Desde una terraza de La Habana, los amigos de un escritor cubano que se 
fue y que ha decidido volver para quedarse, enfrentan el exorcismo de 
sus propias vidas, desgranando las mentiras o medias verdades que ellos 
mismos se creyeron, para, a continuación, asistir a su desplome.
  
 Cuatro hombres y una mujer, que no son la única realidad de Cuba, pero 
sí una parte de ella, repasan aquellas historias que llevan 40 años 
siendo eso, historias, pero que los protagonistas de este viaje al ser 
humano desnudo, les han servido para excusarse y renunciar a una vida, 
con mayúsculas, por la que debieron luchar a brazo partido.
  
 
Amadeo (Néstor Jiménez) no quiso pelear contra los errores que veía y se
 quedó en España, y, a Rafa (Fernando Hechavarría), un revés simple lo 
frustró y, sin más, se dejó dominar por quién sabe cuántas botellas de 
ron.

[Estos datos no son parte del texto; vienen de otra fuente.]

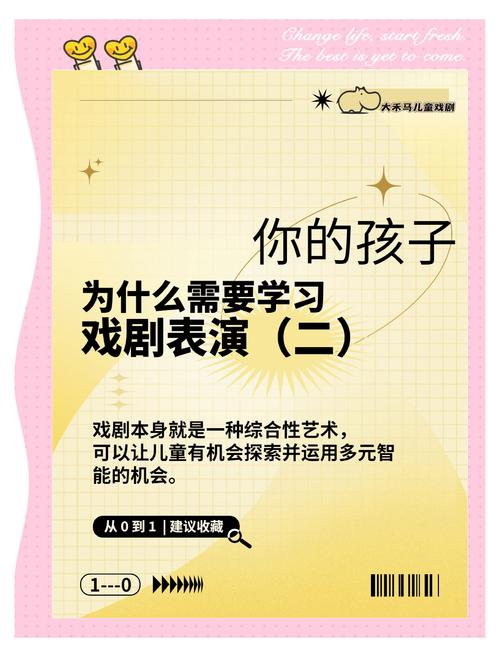 儿童音乐剧师资培训6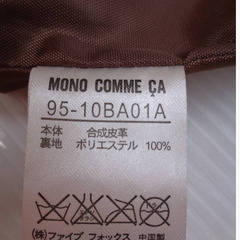 ★▲MONO COMME CA　モノコムサ　ショルダーバッグ　斜めがけ　鞄　赤系　レディース★oの画像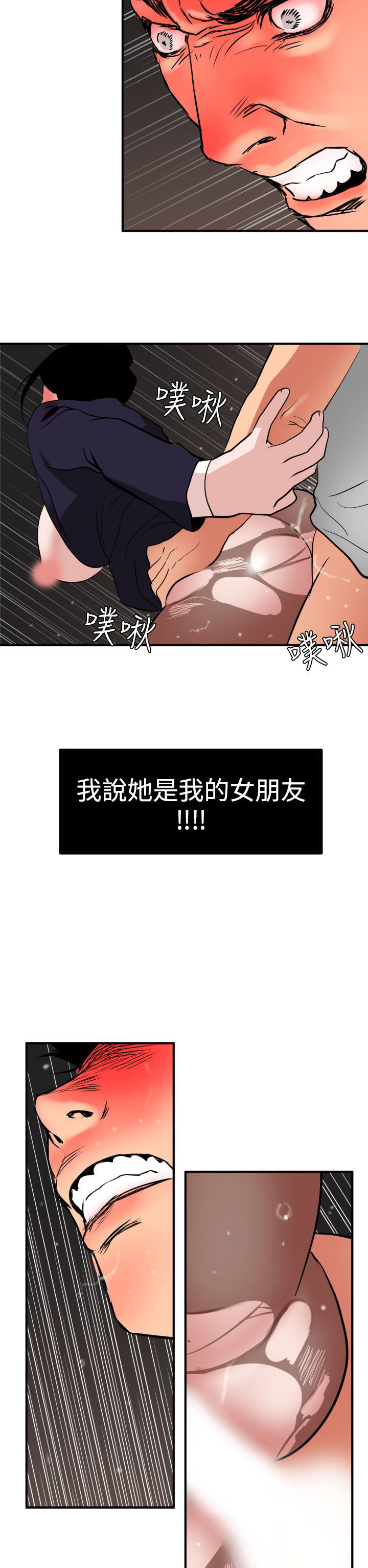 [韩国漫画] 欲求王Desire King 奇幻,熟女人妻,巨乳大奶#[37P]-27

Tania (Isabel Santos), que aceptó las promesas de las comodidades 
que vendrían del exterior y permitió que el padre de sus hijos se los 
llevara a EEUU, sin embargo repudia lo que la vida fácil significa en 
Cuba y que ella personaliza en Eddy (Jorge Perugorría), quien dice y 
repite que decidió “vivir bien”, aunque sabe que sólo es funcionario 
mediocre hasta en su capacidad de corromperse y que sabe, además, que no
 le va a salir a cuenta su elección.
 
 Eddy es, al tiempo, un 
personaje de picos; el que se burla del bullicio amoroso regado por el 
barrio habanero diciendo: “ (…) señores, aquí está el pueblo más culto 
del mundo” para, a renglón seguido, retar a sus amigos a que reciten (y 
lo hacen de memoria) pasajes de Vargas Llosa.
  
 Luego está Aldo (Pedro Julio Díaz); pero Aldo es otra cosa. Aldo es la conciencia.